La catedral de Ávila es un templo pegado a la muralla medieval construída entre 1170 y 1355. El Maestro Fruchel es el autor de la capilla mayor, girola, absidiolos e incluso de un pasadizo secreto (una galería de dos metros de alta por menos de un metro de ancha que une la cabecera de la catedral con el palacio episcopal, descubierta en 2010).
Es un edificio gótico, pero con elementos románicos. La girola (pasillo que rodea al altar mayor) está construída con piedras sangrantes de La Colilla, lo que da un aspecto mágico y misterioso.
El retablo mayor es renacentista, iniciado por Pedro Berruguete, continuado por Santa Cruz y terminado por Juan de Borgoña. En el trasaltar está el sepulcro de alabastro de Alonso de Madrigal, el Tostado (famoso teólogo del s.XV).

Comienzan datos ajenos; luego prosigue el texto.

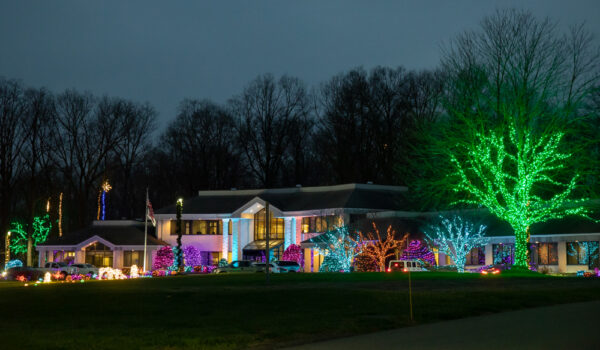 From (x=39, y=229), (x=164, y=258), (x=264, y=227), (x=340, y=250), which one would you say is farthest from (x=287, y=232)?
(x=39, y=229)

En el museo hay una custodia de plata de Juan de Arfe del s.XVI. El claustro es de bóveda de crucería y tiene 28 ventanales góticos. La portada de la catedral es del s.XV y está custodiada por dos monstruos. Hay dos torres, pero una de ellas no se llegó a terminar. Otra portada, del s.XIII, tiene representados a los apóstoles.
El día que visitamos Ávila había en la Plaza de Santa Teresa (o del Mercado Grande) un encuentro de encajeras (daba gusto ver el pavimento cubierto por mesas y sillas en las que señoras con curiosos sombreros le daban al encaje de bolillos tan ricamente). Para comer, El Palomar (Vara del Rey,5), donde te sirven un fascinante chuletón, precedido de una ensalada mixta y acompañado de una jarra de vino. En el postre, leche frita (36 euros). Lo divino y lo gastronómico muchas veces se juntan.
Hace muchos, pero muchos años que estuve en Ávila.